Il grande inquisitore Il grande inquisitore Regia Peter Brook

(The great inquisitor)
da “I Fratelli Karamazov” di F. Dostoevskij
Regia di Peter Brook
Adattamento di Marie Hélène Estienne
Disegno luci di Philippe Vialatte
Interpreti: Bruce Zuber, Joaquim Zuber
Prod. Theatre des Bouffes du Nord.
Alla Sala “A. Musco” 4 / 7 gennaio 2008 Stabile di Catania (in tournée europea)

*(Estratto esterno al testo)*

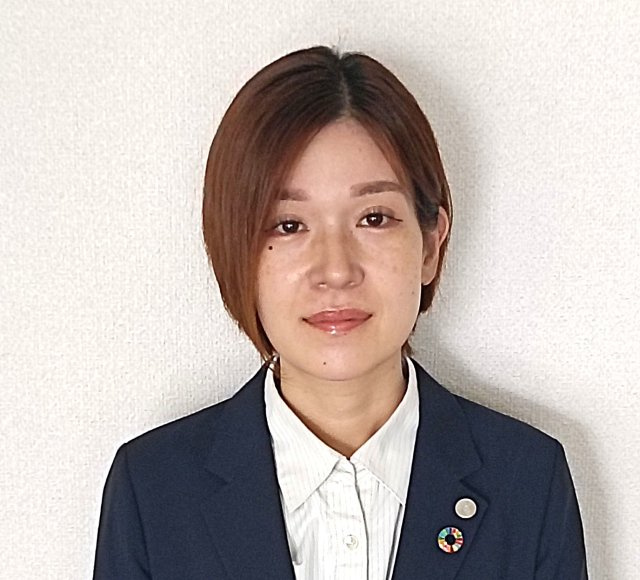 佐野 夏希の画像1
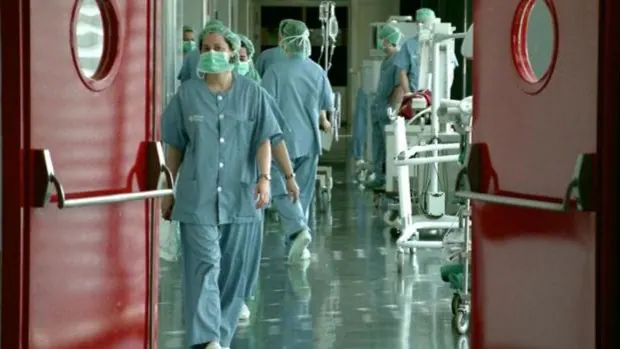 El Gobierno aragonés amplía la lista de centros de salud que ofrecen primas para atraer médicos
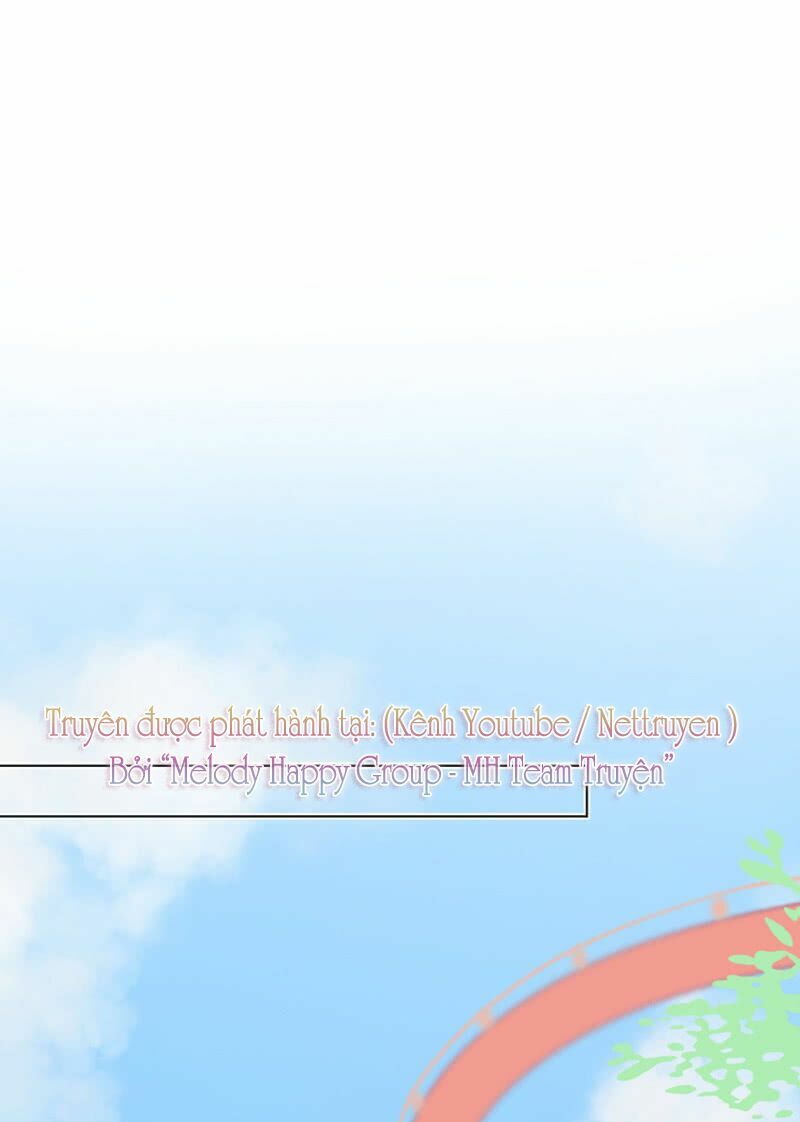 Ma Lạt Thiên Kim Đẩu Ác Thiếu: Chapter 135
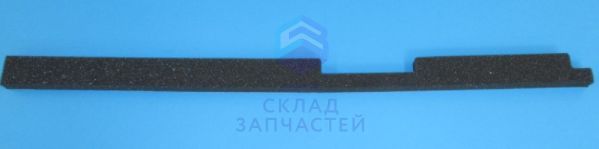 Пенопластовая емкость r dw xl для ASKO D5554 FI T (DW90.2)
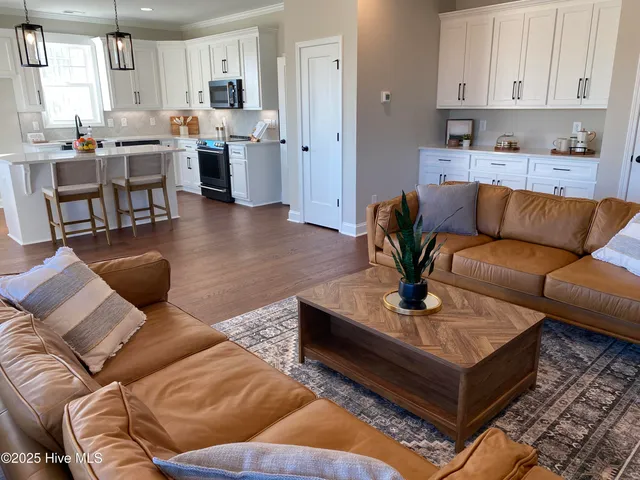 $469,900 | 2190 Heartland Road, Battleboro, NC 27809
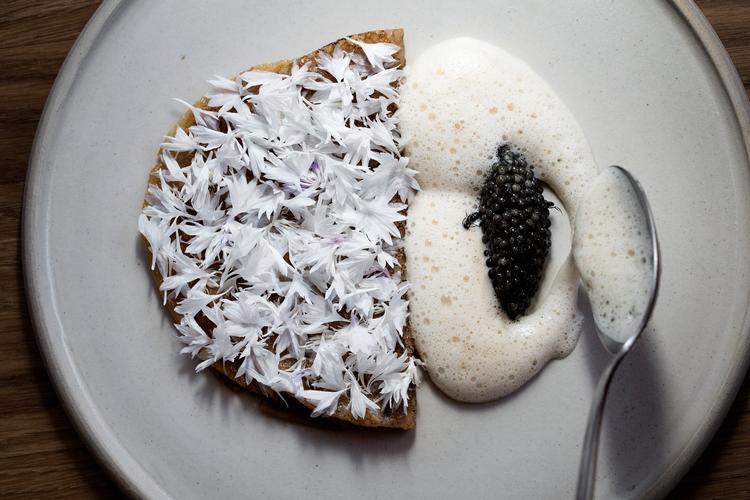 Arkivfoto Nanna Navntoft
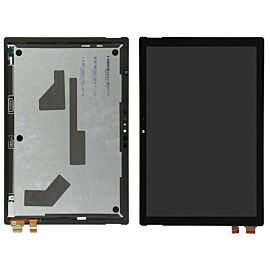 Refurbished Microsoft Surface Pro 5 LCD Screen assembly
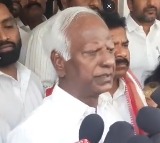 Kadiyam Srihari Reacts to Supreme Court Ruling on Party Defections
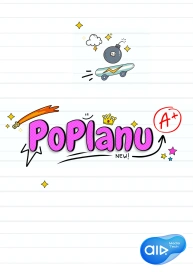 Po Planu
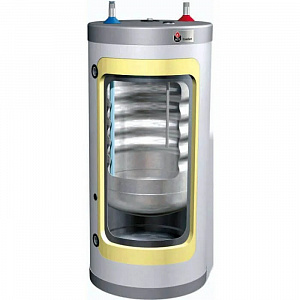 Бойлер косвенного нагрева ACV Comfort E 210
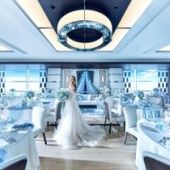 【2026年12月以降】早割プラン*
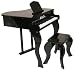 Schoenhut 37 Key Elite Baby Grand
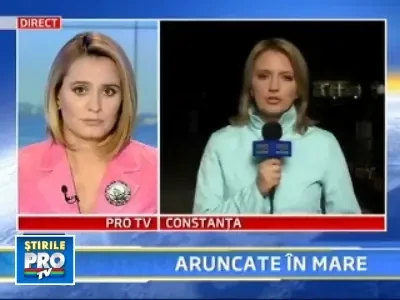 B_1410_19_sinucigase_mare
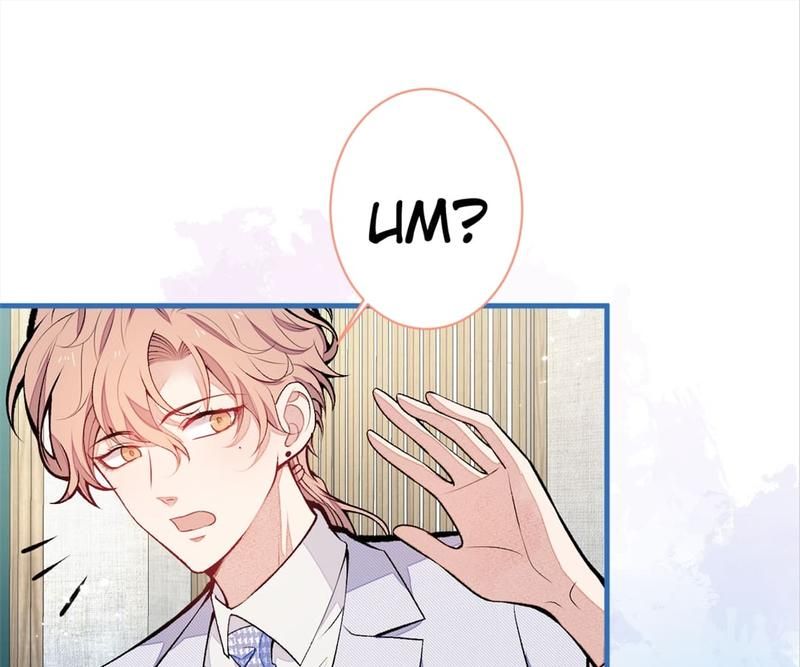 Hottest Topics - Episode 111 — page 65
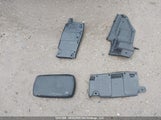 Toyota Rav4 Xle 2T3RFREVXEW150053 снимка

www.Sipario.it, 1 aprile 2008

Un monologo “semplice”, incalzante, di micidiale nitore requisitorio, di dubitativa (oltranzistica) esternazione dialettica sul “ruolo” che occupa, o dovrebbe occupare, la figura di Cristo rispetto alle macerie della Storia, alle sue iniquità, stoltezze, accumulo di dolore sulle fragili spalle dei “vinti”, dei “dannati della terra”: di quegli ultimi, e poveri di spirito, che il Nazareno consolò promettendo loro quel “regno dei cieli” cui si accede per dono di fede e non per istanza tribunizia.

“Il grande inquisitore”, ansa implacabile e religiosamente “oltraggiosa” del torrenziale romanzo “I fratelli Karamazov” (spericolatamente, magistralmente portato in scena, anni fa, da Luca Ronconi) narra di un ipotetico, misterioso ritorno del Cristo sulla terra – a Siviglia – all’epoca della Santa Inquisizione. Per testimoniare con la sua muta presenza, le spalle al pubblico, la “necessità” teologica di un silenzio che “dovrà protrarsi” sino alla fine dei tempi, pena la banalizzazione “immanente” di una regalità spirituale che non è di questo mondo. E che – elemento basilare- non impone a nessuno acquiescenza o “estorsione di credo”. Ma sul cui letto di Procuste andrà vivisezionato – aggiungiamo noi laici – il postulato, la speciosità del potere (politico-imperiale) della Chiesa di Roma.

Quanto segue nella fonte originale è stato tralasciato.